--- START ---

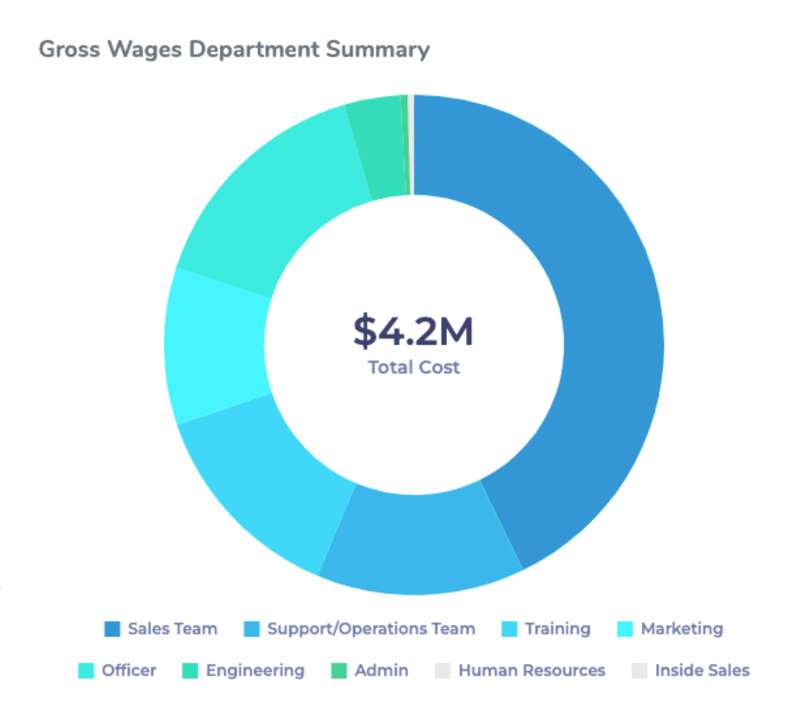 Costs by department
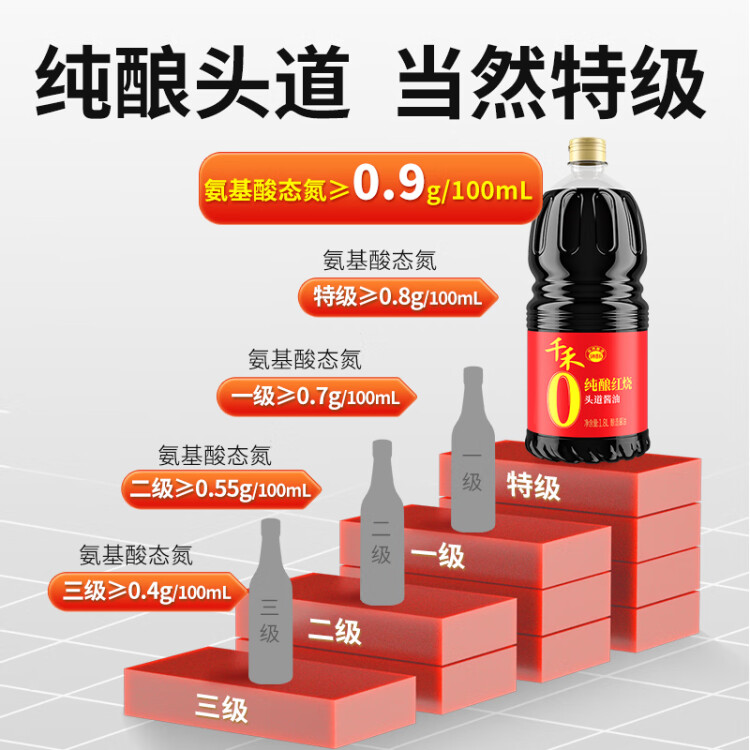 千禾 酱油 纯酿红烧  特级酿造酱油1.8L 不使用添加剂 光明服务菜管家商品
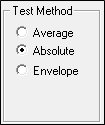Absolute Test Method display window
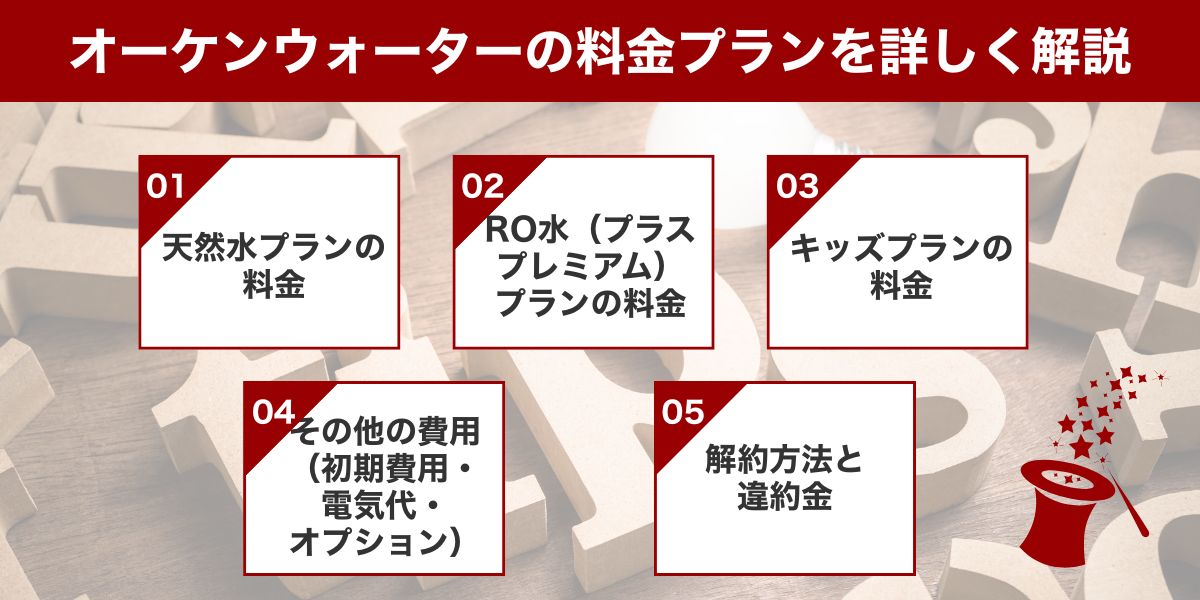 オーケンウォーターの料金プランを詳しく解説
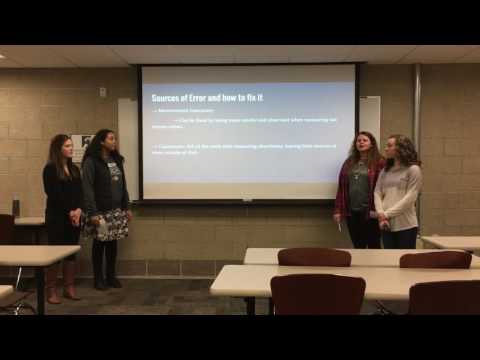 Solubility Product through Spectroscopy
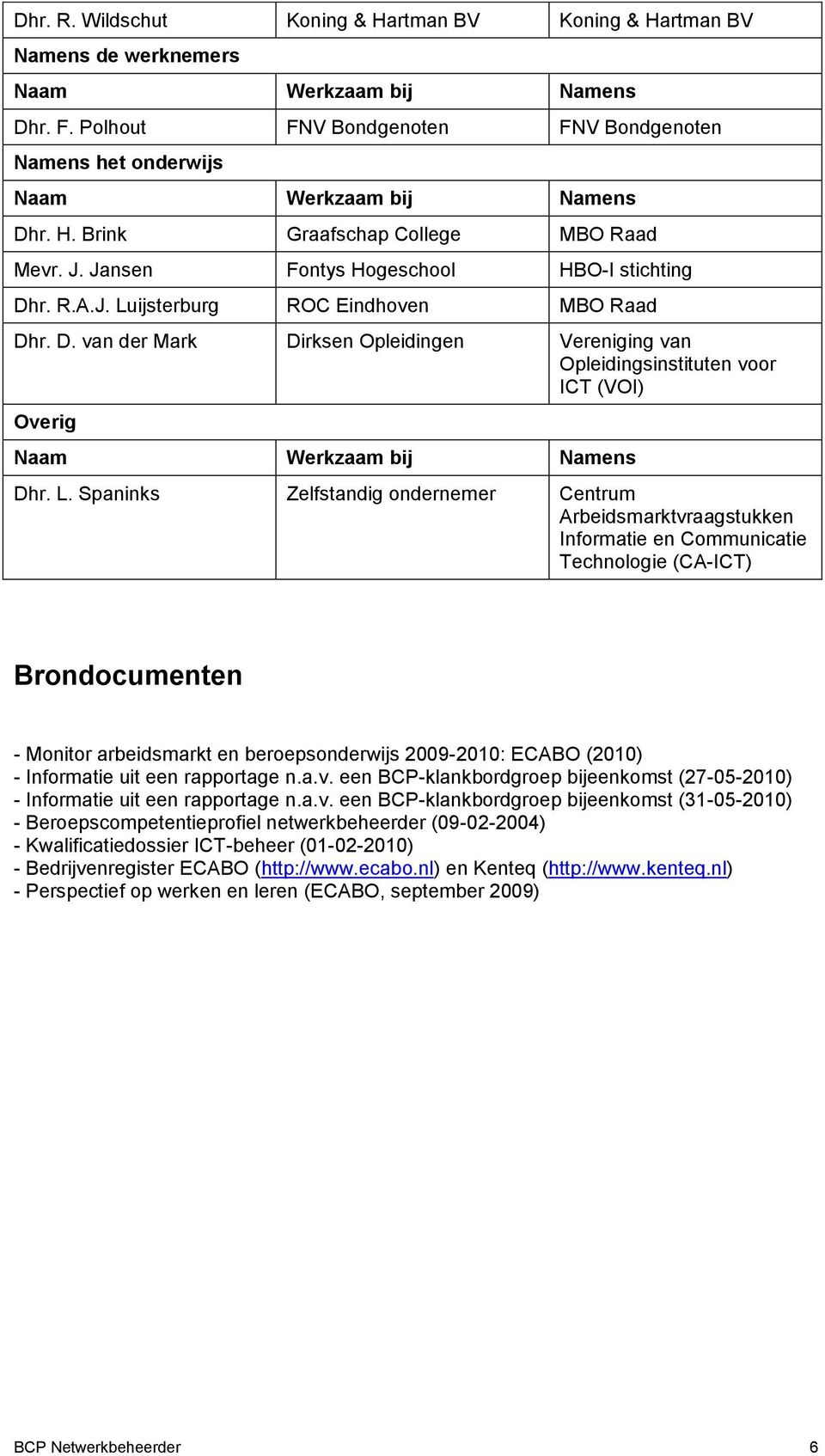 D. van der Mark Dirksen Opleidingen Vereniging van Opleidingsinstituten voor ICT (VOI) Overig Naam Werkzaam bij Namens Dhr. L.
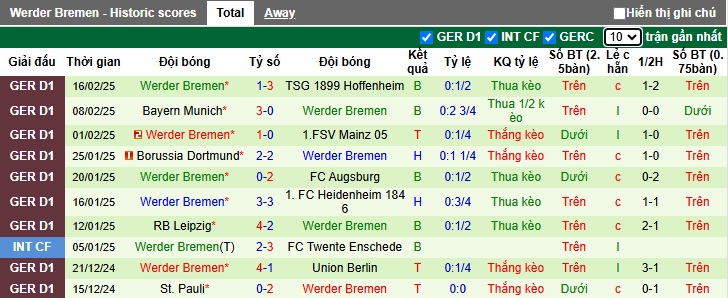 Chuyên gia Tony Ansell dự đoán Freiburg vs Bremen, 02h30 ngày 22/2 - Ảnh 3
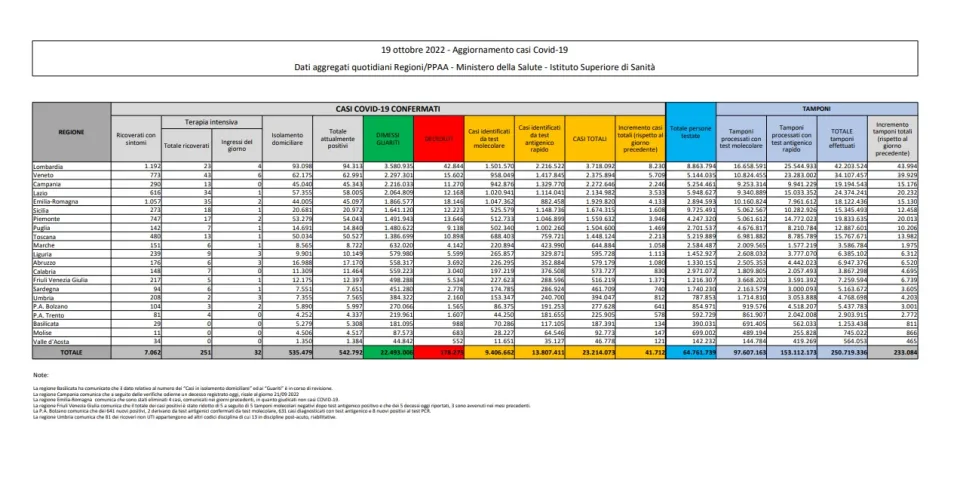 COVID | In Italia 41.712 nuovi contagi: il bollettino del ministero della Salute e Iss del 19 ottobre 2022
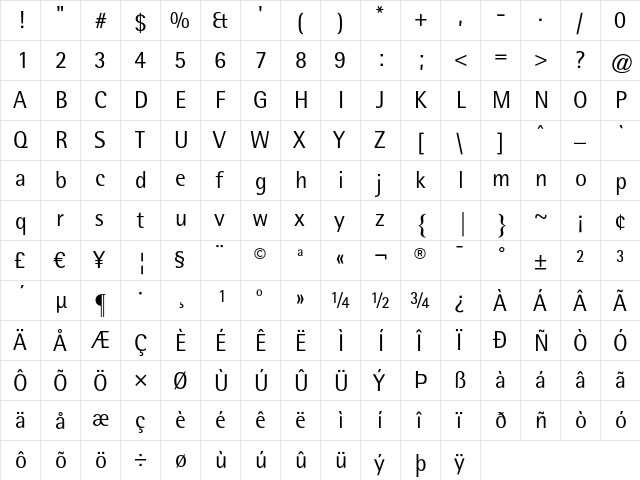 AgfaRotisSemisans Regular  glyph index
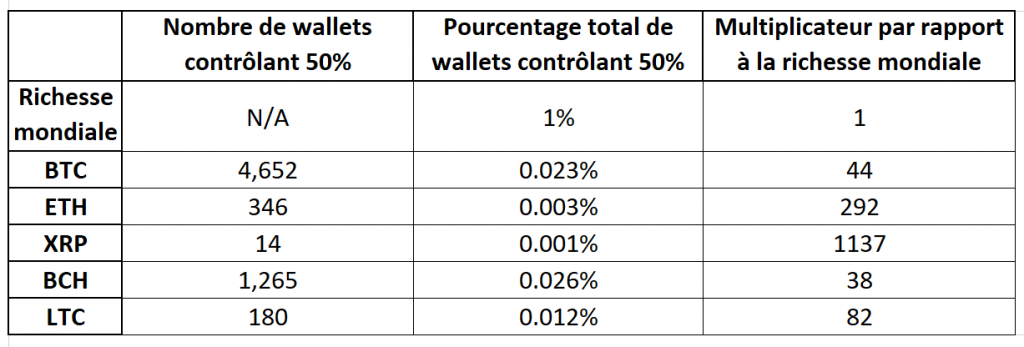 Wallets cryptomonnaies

--- END ---

■ WHAT YOU ARE ASKED TO DO
The pictures are not wanted, but every line of the listing should be duplicated exactly.

■ ANSWER TO THE EXERCISE
 Costs by department
 千禾 酱油 纯酿红烧  特级酿造酱油1.8L 不使用添加剂 光明服务菜管家商品
Absolute Test Method display window
 オーケンウォーターの料金プランを詳しく解説
 Solubility Product through Spectroscopy
 D. van der Mark Dirksen Opleidingen Vereniging van Opleidingsinstituten voor ICT (VOI) Overig Naam Werkzaam bij Namens Dhr. L.
 Chuyên gia Tony Ansell dự đoán Freiburg vs Bremen, 02h30 ngày 22/2 - Ảnh 3
 COVID | In Italia 41.712 nuovi contagi: il bollettino del ministero della Salute e Iss del 19 ottobre 2022
 AgfaRotisSemisans Regular  glyph index
 Wallets cryptomonnaies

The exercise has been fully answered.